The Neutron Dance

Caltech geochemist John Eiler aims to reveal “the genetics of everything”—the history of each molecule in the natural world as written in its isotopic structure. What he finds out could have implications for ventures ranging from the study of meteorites to medical diagnosis and treatment.

It all starts with the humble neutron.

Eiler’s investigations zero in on rare isotopes, alternative versions of familiar elements that provide a third dimension to the periodic table. Every isotope has a different number of neutrons at its heart, making it more or less massive than its cousins that form the same chemical bonds.

Much in the way each spiral of DNA encodes a biological epic, a molecule tells its story through its complicated clumps of rare isotopes.

“You can think of a sample’s isotopic profile as a fingerprint, or a record book of all of the transformations it has undergone,” says Eiler, Caltech’s Robert P. Sharp Professor of Geology and Geochemistry. “It includes information like the temperatures at which chemical reactions occurred or the extents of those reactions.”

Among the isotope’s chief interpreters, Eiler has made it possible to view the arrangement of exotic atoms as something like a time-traveling thermometer.

From a meteoric chunk of Mars, his research team read the surface temperature of the red planet from four billion years ago (mild, by Earth standards). From a dinosaur tooth, they decoded the body temperature of a beast that has been extinct for 150 million years (warm-blooded, it turns out). And by remixing mass spectrometry methods, they invented a tool that discerns the temperature at which a given sample of methane formed.
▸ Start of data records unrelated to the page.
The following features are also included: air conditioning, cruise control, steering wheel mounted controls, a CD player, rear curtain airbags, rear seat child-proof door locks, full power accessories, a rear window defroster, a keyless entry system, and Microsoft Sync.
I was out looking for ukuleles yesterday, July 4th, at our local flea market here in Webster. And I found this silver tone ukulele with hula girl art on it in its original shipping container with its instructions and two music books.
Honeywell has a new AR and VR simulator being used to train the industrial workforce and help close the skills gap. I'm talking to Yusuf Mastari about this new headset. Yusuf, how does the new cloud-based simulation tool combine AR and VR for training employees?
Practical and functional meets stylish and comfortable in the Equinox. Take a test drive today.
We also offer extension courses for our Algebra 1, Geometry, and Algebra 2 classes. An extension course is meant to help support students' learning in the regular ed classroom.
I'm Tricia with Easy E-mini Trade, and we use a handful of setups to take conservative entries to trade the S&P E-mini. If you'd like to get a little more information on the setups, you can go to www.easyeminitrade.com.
Eiler is eager to share his isotopic literacy with other scientists. Just as researchers at Caltech and elsewhere developed the techniques and tools that enabled an international collaboration to map the human genome, he and his team want to create technologies and adapt instruments from other fields to lay bare the language of the isotope.
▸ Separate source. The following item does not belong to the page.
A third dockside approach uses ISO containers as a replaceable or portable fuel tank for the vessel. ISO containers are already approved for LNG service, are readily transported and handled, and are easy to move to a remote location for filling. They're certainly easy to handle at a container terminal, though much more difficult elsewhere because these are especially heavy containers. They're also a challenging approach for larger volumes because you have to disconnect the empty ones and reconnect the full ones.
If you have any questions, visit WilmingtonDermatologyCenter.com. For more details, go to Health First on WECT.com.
“The purpose of my research program—if you could boil it down to one thing—is to open up this world of isotopic structural diversity so we can study it,” Eiler says. “My group is developing technologies that let you freely explore the subject, move around among the types of chemicals that you analyze. We want to take technical limitations out of the equation.”

Philanthropy has accelerated Eiler’s work, allowing him to leap ahead by following his instincts and the growing possibilities opened up by each new enhancement. His investigations have moved forward thanks to a gift from Caltech trustee Charlie Trimble (BS ’63, MS ’64) and the partnership of lab equipment maker Thermo Fisher Scientific. Early backing also came from donor funds allocated by Caltech’s provost and the chair of the Division of Geological and Planetary Sciences.
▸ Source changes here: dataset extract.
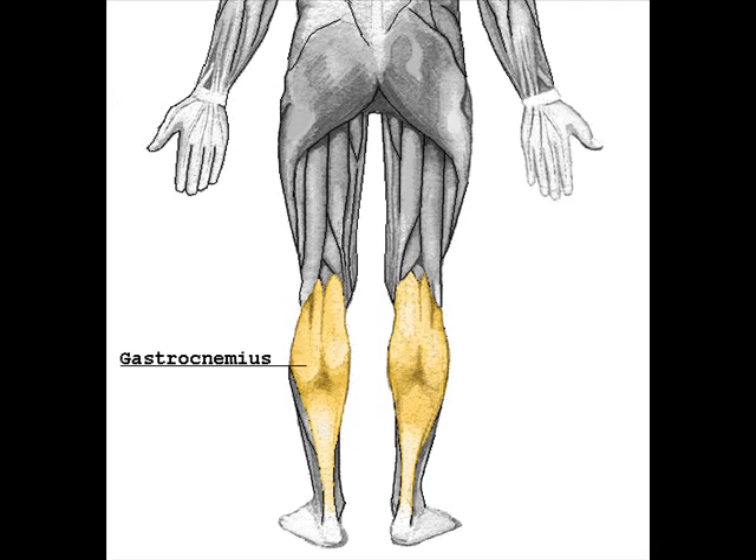The plantaris muscle and a portion of its tendon run between the two muscles. Since the anterior compartment of the leg is lateral to the tibia, the bulge of muscle medial to the tibia on the anterior side is actually the posterior compartment. The soleus is superficial at the midshaft of the tibia. Frequently there is a sesamoid bone called the fabella in the lateral head of the gastrocnemius muscle.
“My program of research only exists because of discretionary funding. The technical innovations can’t really be justified in advance—so you’re basically asking people to trust your vision of where this will go.”
- John Eiler

“Caltech is a community of people who trust each other to do their best,” Eiler says. “When our leaders support one of my ideas, they know I’m not guaranteeing success. I’m just going to do my best, and aim at something that’s a worthy target. And that’s enough.”

Building upon studies of dinosaur teeth and greenhouse gases, Eiler’s research group continues to pursue an inclusive—even restless—approach that crisscrosses scientific disciplines. With each new development, his team can analyze bigger, more complicated molecules using tinier samples.

And with each advance, they open up fresh areas for isotopic investigation: What can we learn about human metabolism and disease? Can chemistry yield a new type of forensics to employ at crime scenes or oil spills? How did the molecules of life themselves end up in ancient rocks and meteorites?

“These are all excellent questions, and you could say I’m passionate about all of them,” Eiler says. “But there are lots of good questions. I am happy to contribute to one and then move on to another good question. And I’m perfectly happy to move around in the fields of science. At Caltech, I feel free to do so.”